TASK PROMPT: Output the data below exactly, without images.
RECORDED INFORMATION Start Marker
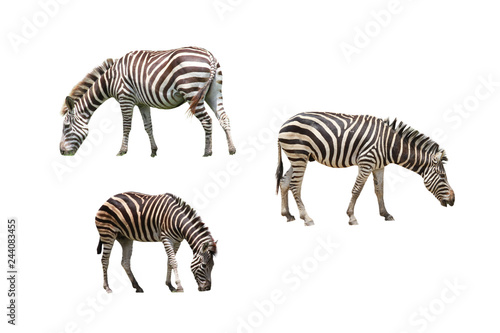 Set of Zebra eating grass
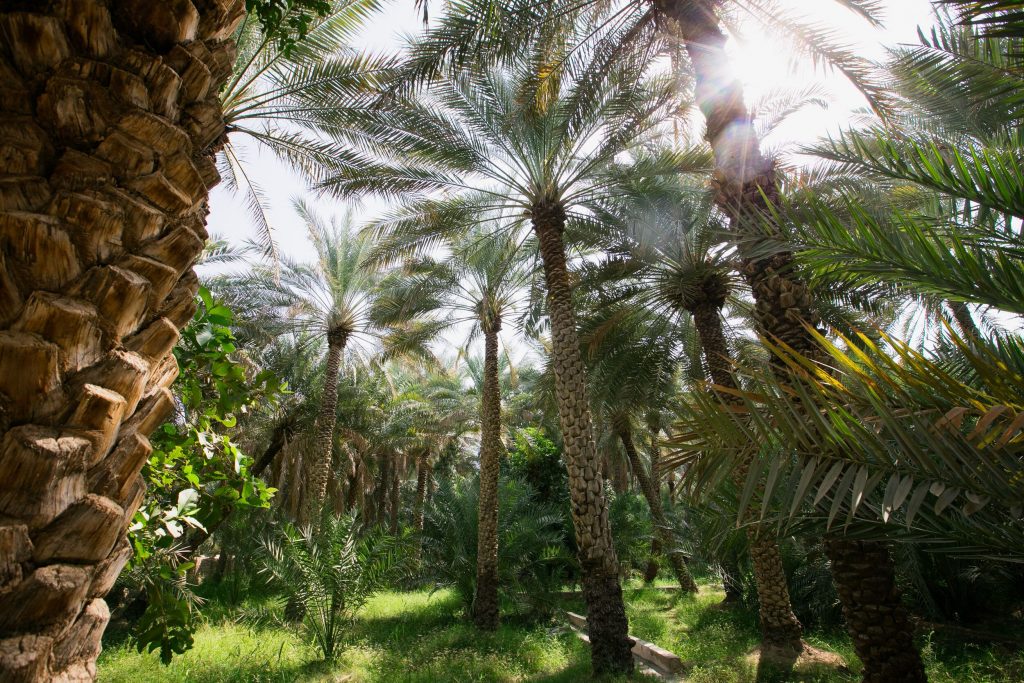 Al Ain Oasis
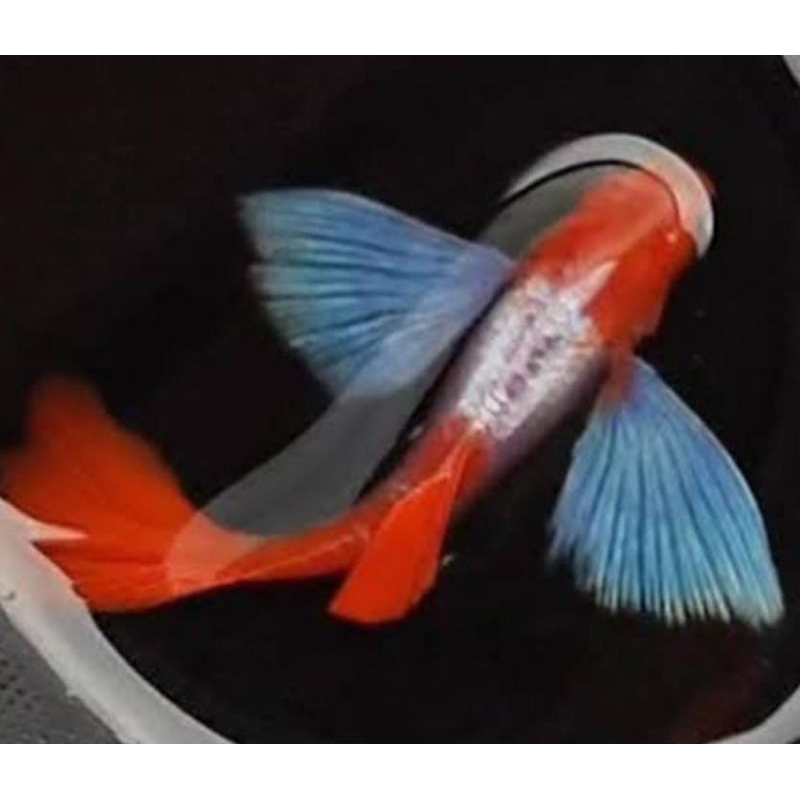 Hiasan Aquarium Albino PRTDE Koi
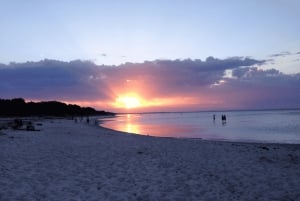 Melbourne: Mornington Peninsula ja Moonlit Sanctuary Tour (Kuutamo)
RECORDED INFORMATION End Marker
ANSWER FOR THE TASK:
 Set of Zebra eating grass
 Al Ain Oasis
 Hiasan Aquarium Albino PRTDE Koi
 Melbourne: Mornington Peninsula ja Moonlit Sanctuary Tour (Kuutamo)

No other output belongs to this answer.